• Witamy w największym polskim serwisie internetowym poświęconym w całości zagadnieniom samodzielnej budowy nagłośnienia.
    Dzięki DIYaudio.pl poznasz zagadnienia samodzielnej budowy nagłośnienia od podszewki oraz będziesz mógł dyskutować o DIY audio do woli.

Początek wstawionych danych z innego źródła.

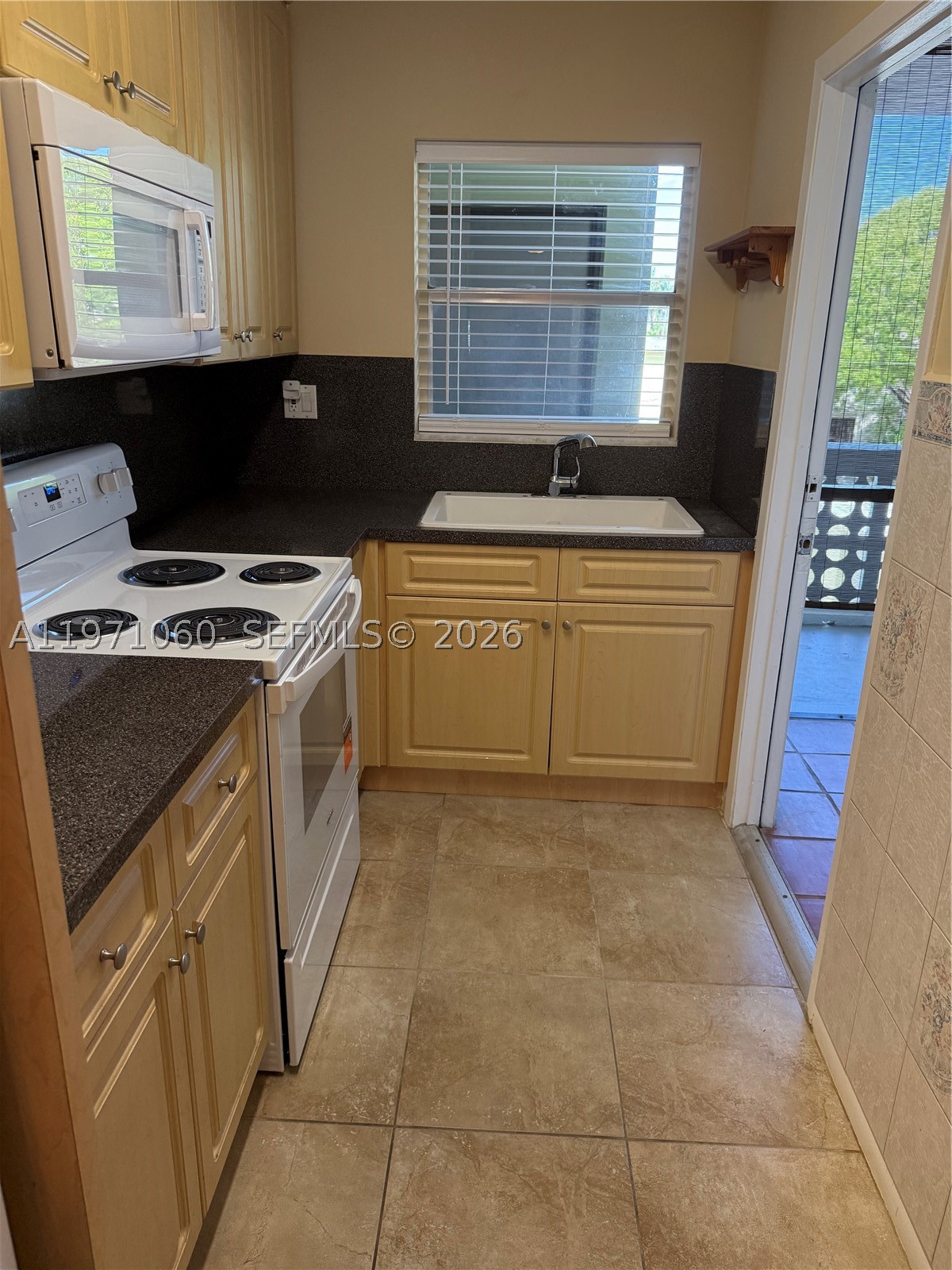 SANTA MONICA CONDOMINIUM - Residential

    Artykuły z dawnego portalu zostały przeniesione do sekcji forum na samym dole.

ZEUS i co dalej ???

nie jestem specjalistą :( osłuchane to mam zeusy :)) ( heheheheh ) ale kogo to obchodzi , skoro wszyscy z założenia mają je w d.... , fakt faktem , brakuje im , ale przy dość głośnym słuchaniu też rozwijają się , ale ponoć nie o to chodzi .... cóż słuszałem JBL , vaten... i coś innego z bardzo wysokiej półki , ale cholera co można powiedzieć jak się u kogoś siedzi a to "pyka" w tle ...... zresztą jaki ze mnie znawca jak na początku pytam o stx :)) heheheheh ale nie mam z tym problemu .... być może jak skończę własne pierwsze DIY proponowane przez "szanowne grono" okaże się, że zupełnie nie o to mi chodziło .... nie zawsze przecież najistotniejsza jest płaska charakterystyka itd. .... każdy z nas pewnie inaczej słyszy i odbiera swoje ulubione gatunki muzy , brzmienia ....może się uda . ... sam tez kiedyś wybrałem zeus , bo tak mi się wydawało po odsłuchach w salonie..... i minęło parę lat, okazało się że dziś mnie to nie zadowala , dlatego tutaj się znalazłem , a że budżet jest jaki jest to być może uda się sięgnąć półkę wyżej ( heheheheh ) zobaczymy .......
 
akurat w przypadku tych kolumn sluchanie na "plasko" nie jest takie nudne jak w przypadku drozszych konstrukcji
wysokie tony graja pierwszy plan i ladnie "cykaja". mimo to nic tu nie przeszkadza i nie mam sie czego czepic
basu tez nie jest malo ;)
a to ze pojawia sie srednie tony to z czasem uznasz za wielka zalete ;)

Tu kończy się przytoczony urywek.